Multiclass classification

Completed

Multiclass classification is used to predict to which of multiple possible classes an observation belongs. As a supervised machine learning technique, it follows the same iterative train, validate, and evaluate process as regression and binary classification in which a subset of the training data is held back to validate the trained model.

Example - multiclass classification

Multiclass classification algorithms are used to calculate probability values for multiple class labels, enabling a model to predict the most probable class for a given observation.

Let's explore an example in which we have some observations of penguins, in which the flipper length (x) of each penguin is recorded. For each observation, the data includes the penguin species (y), which is encoded as follows:

  • 0: Adelie
  • 1: Gentoo
  • 2: Chinstrap

Note

As with previous examples in this module, a real scenario would include multiple feature (x) values. We'll use a single feature to keep things simple.

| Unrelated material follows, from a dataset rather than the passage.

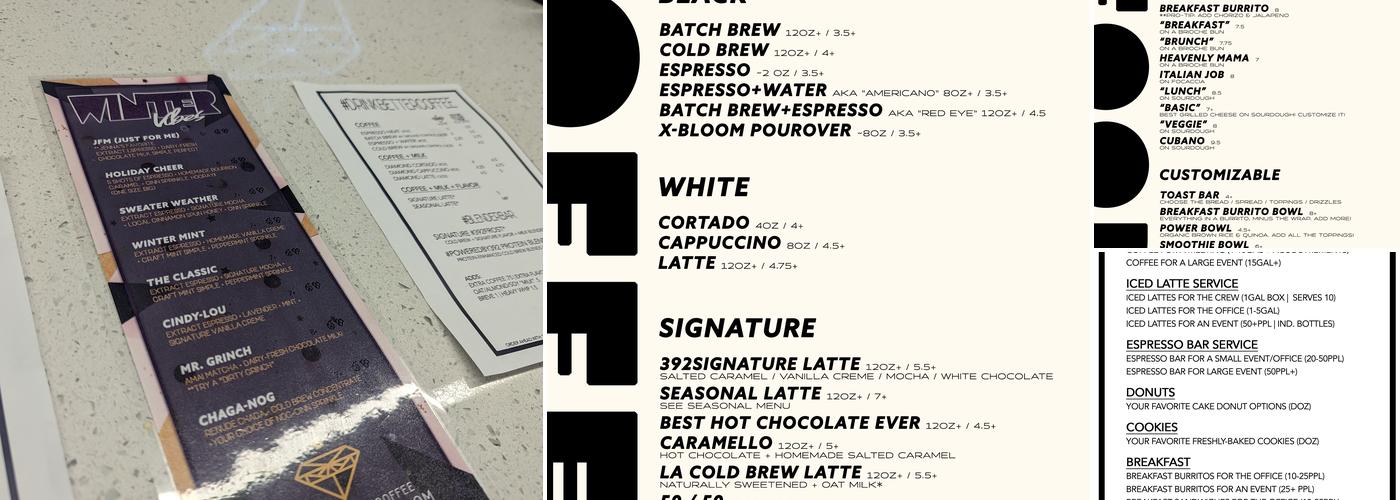 392Caffe Menu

Diagram of a measuring ruler. Diagram of three penguins.
Flipper length (x) Species (y)
167 0
172 0
225 2
197 1
189 1
232 2
158 0

Training a multiclass classification model

To train a multiclass classification model, we need to use an algorithm to fit the training data to a function that calculates a probability value for each possible class. There are two kinds of algorithm you can use to do this:

  • One-vs-Rest (OvR) algorithms
  • Multinomial algorithms

One-vs-Rest (OvR) algorithms

One-vs-Rest algorithms train a binary classification function for each class, each calculating the probability that the observation is an example of the target class. Each function calculates the probability of the observation being a specific class compared to any other class. For our penguin species classification model, the algorithm would essentially create three binary classification functions:

  • f0(x) = P(y=0 | x)
  • f1(x) = P(y=1 | x)
  • f2(x) = P(y=2 | x)

Each algorithm produces a sigmoid function that calculates a probability value between 0.0 and 1.0. A model trained using this kind of algorithm predicts the class for the function that produces the highest probability output.

Multinomial algorithms

As an alternative approach is to use a multinomial algorithm, which creates a single function that returns a multi-valued output. The output is a vector (an array of values) that contains the probability distribution for all possible classes - with a probability score for each class which when totaled add up to 1.0:

f(x) =[P(y=0|x), P(y=1|x), P(y=2|x)]

An example of this kind of function is a softmax function, which could produce an output like the following example:

[0.2, 0.3, 0.5]

The elements in the vector represent the probabilities for classes 0, 1, and 2 respectively; so in this case, the class with the highest probability is 2.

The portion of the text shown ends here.